Problem statement:
Repeat each line of the material below exactly as it appears, minus any pictures.

Source data:
•••

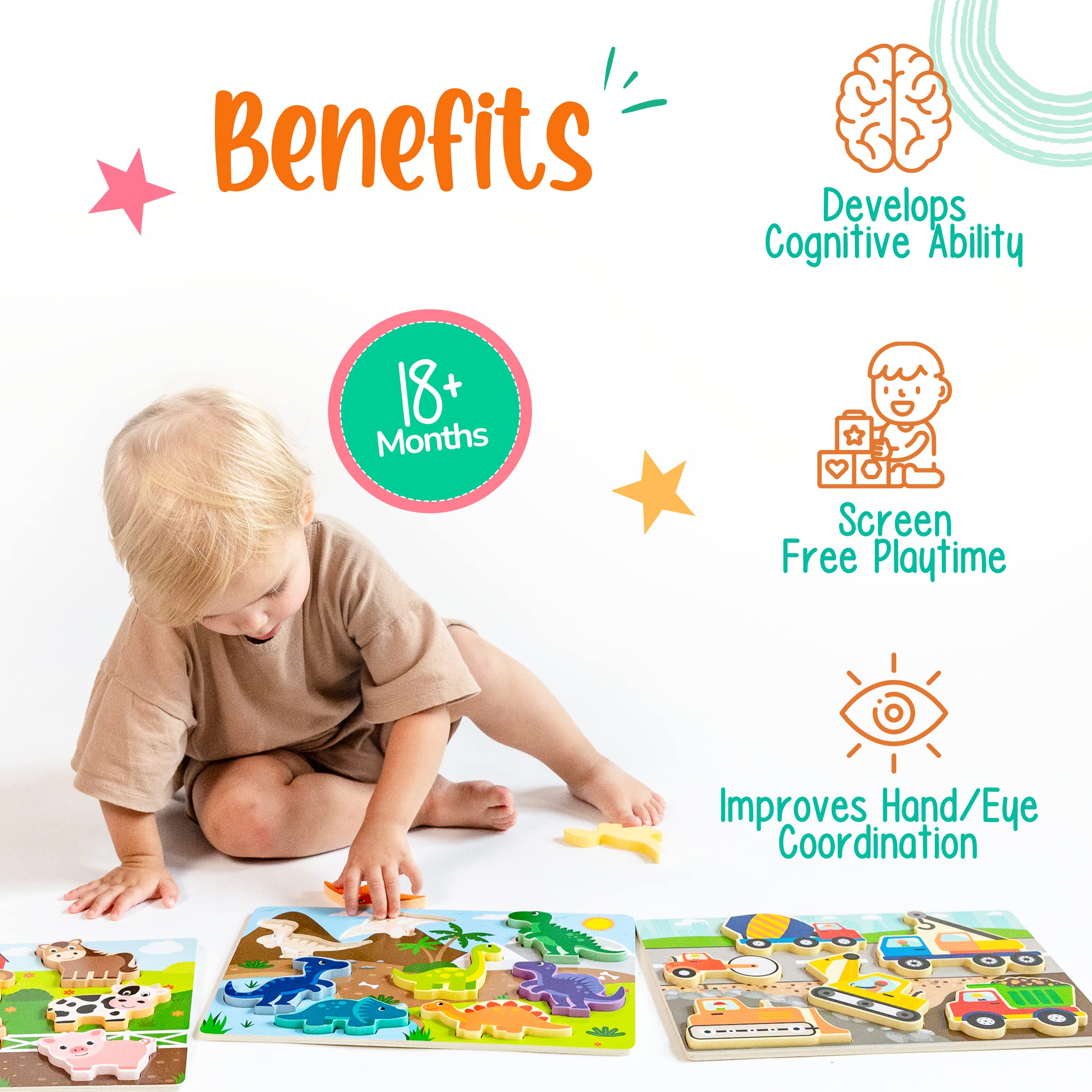 Klevly Holzpuzzle für Kleinkinder von 2 bis 4 Jahren, Holzpuzzle für Kleinkinder von 1 bis 3 Jahren, Montessori-Spielzeug für Kinder von 2 bis 4 Jahren, pädagogisch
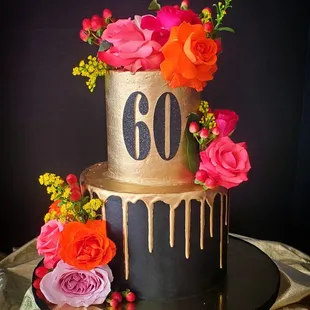 a cake decorated with flowers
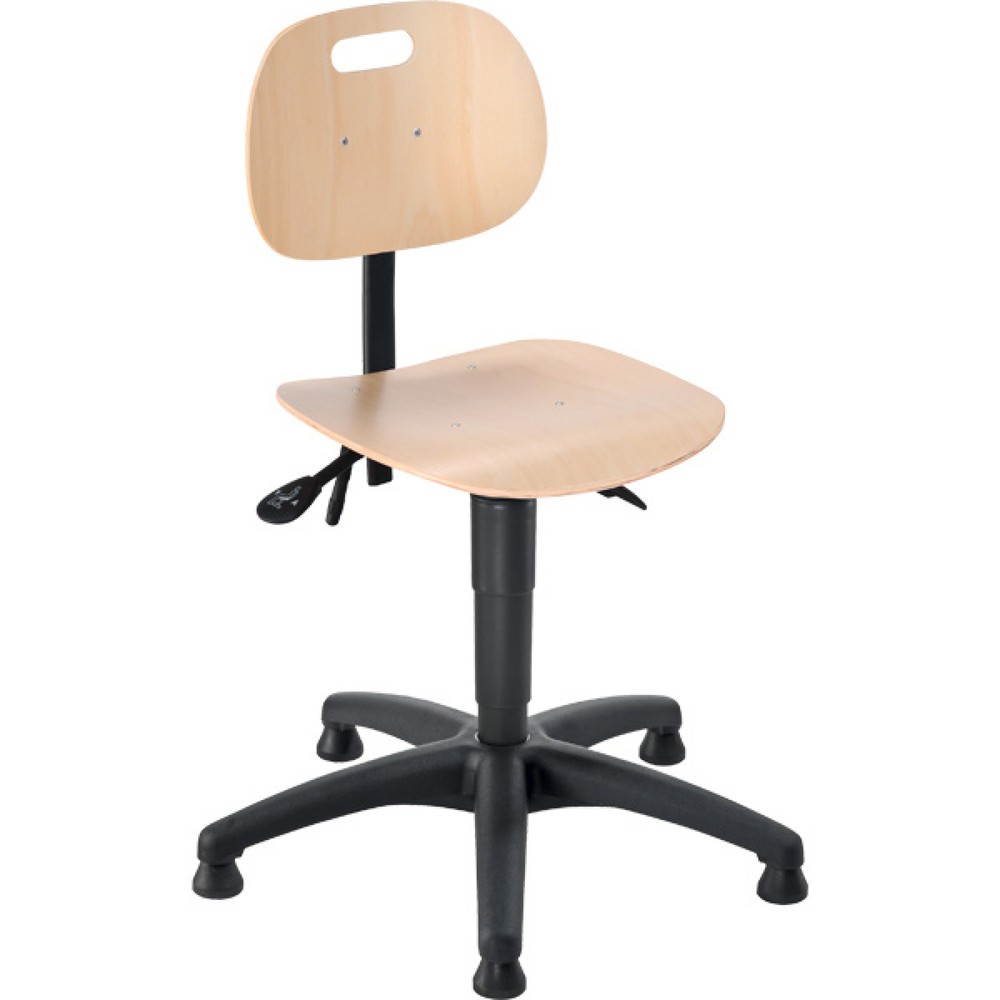 Illustration du produit: Chaise de travail pivotante Ability en hêtre, hauteur d’assise 460-600 mm, base plastique, patins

•••

Answer to this problem:
 Klevly Holzpuzzle für Kleinkinder von 2 bis 4 Jahren, Holzpuzzle für Kleinkinder von 1 bis 3 Jahren, Montessori-Spielzeug für Kinder von 2 bis 4 Jahren, pädagogisch
 a cake decorated with flowers
 Illustration du produit: Chaise de travail pivotante Ability en hêtre, hauteur d’assise 460-600 mm, base plastique, patins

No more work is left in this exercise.